**Dataset extract**
━━━━━━━━━━━━━━━━━━━━
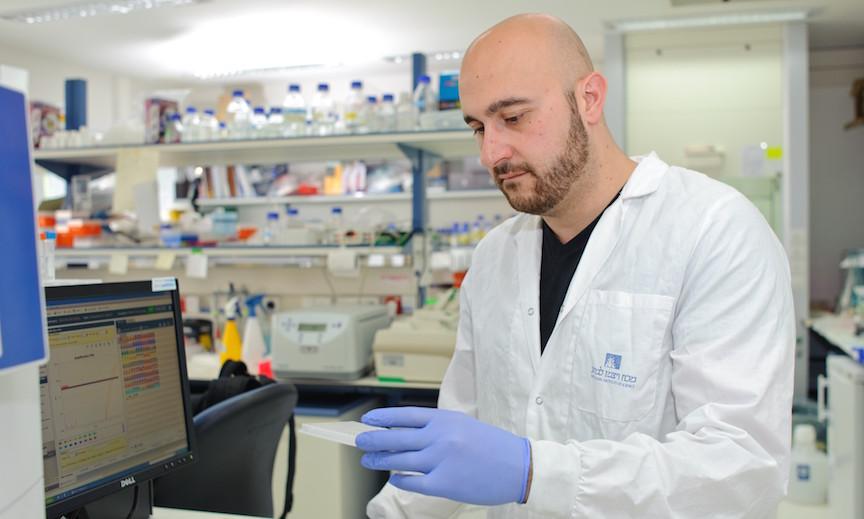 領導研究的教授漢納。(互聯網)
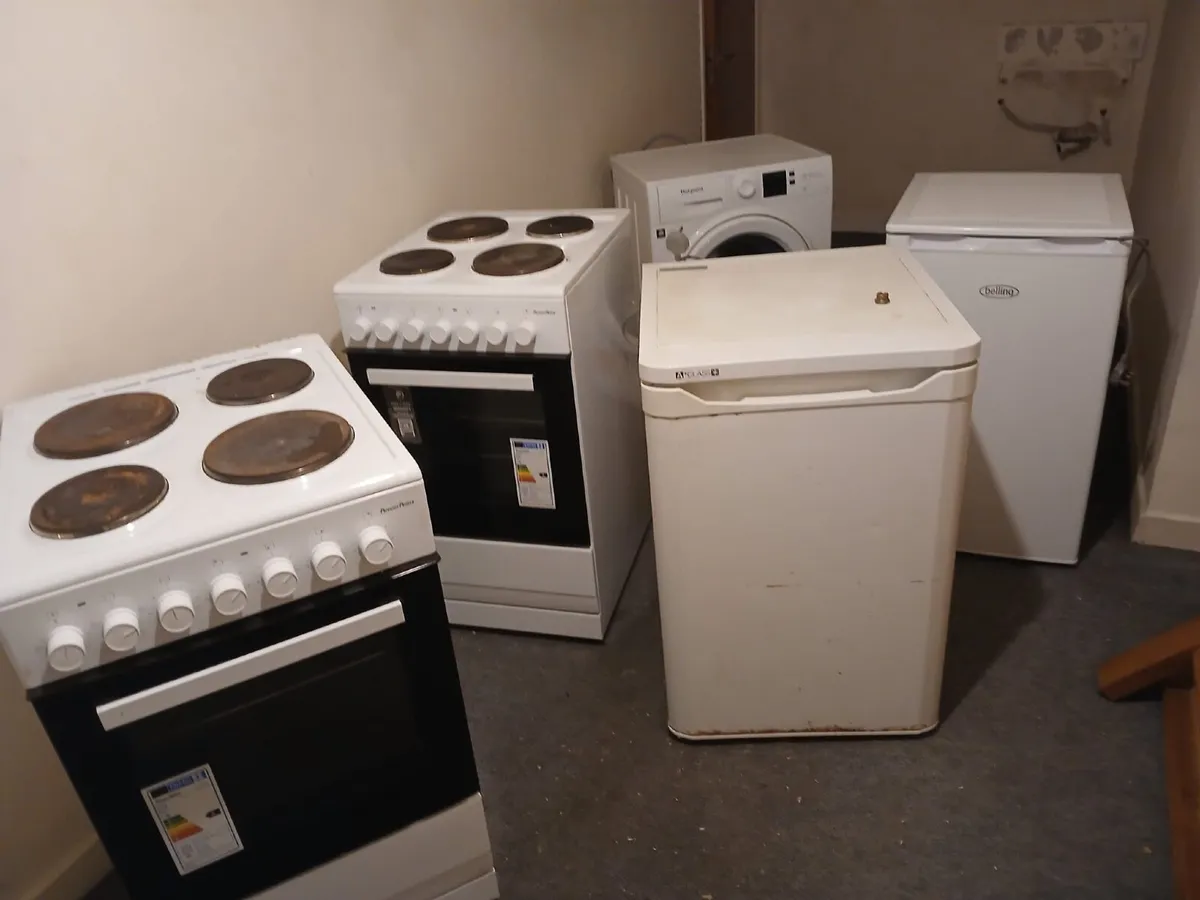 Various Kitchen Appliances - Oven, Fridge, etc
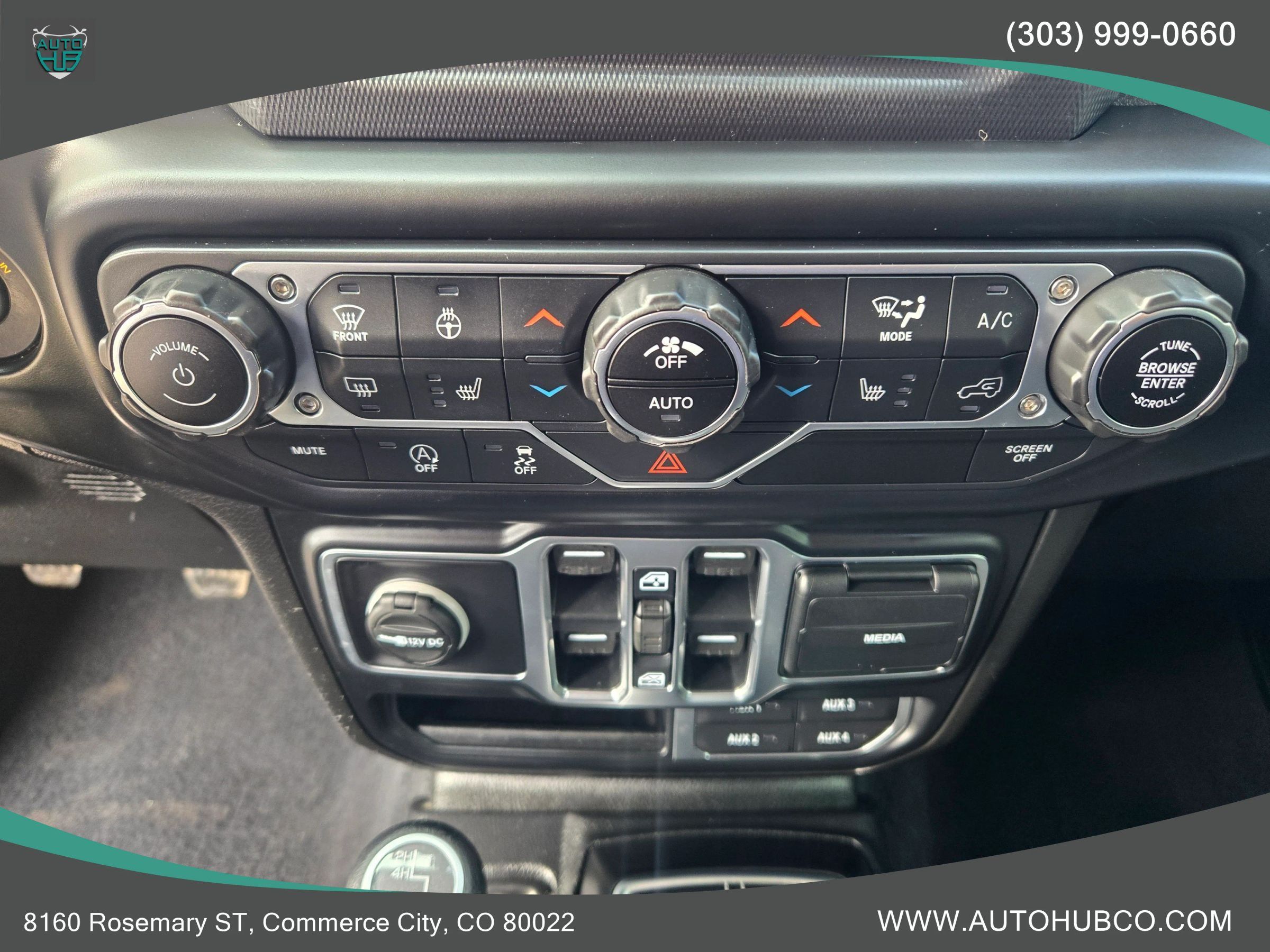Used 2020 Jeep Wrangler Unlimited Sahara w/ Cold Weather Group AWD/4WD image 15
━━━━━━━━━━━━━━━━━━━━
**What the exercise asks**
Write the lines above out again exactly, excluding every picture.

**Result**
 領導研究的教授漢納。(互聯網)
 Various Kitchen Appliances - Oven, Fridge, etc
Used 2020 Jeep Wrangler Unlimited Sahara w/ Cold Weather Group AWD/4WD image 15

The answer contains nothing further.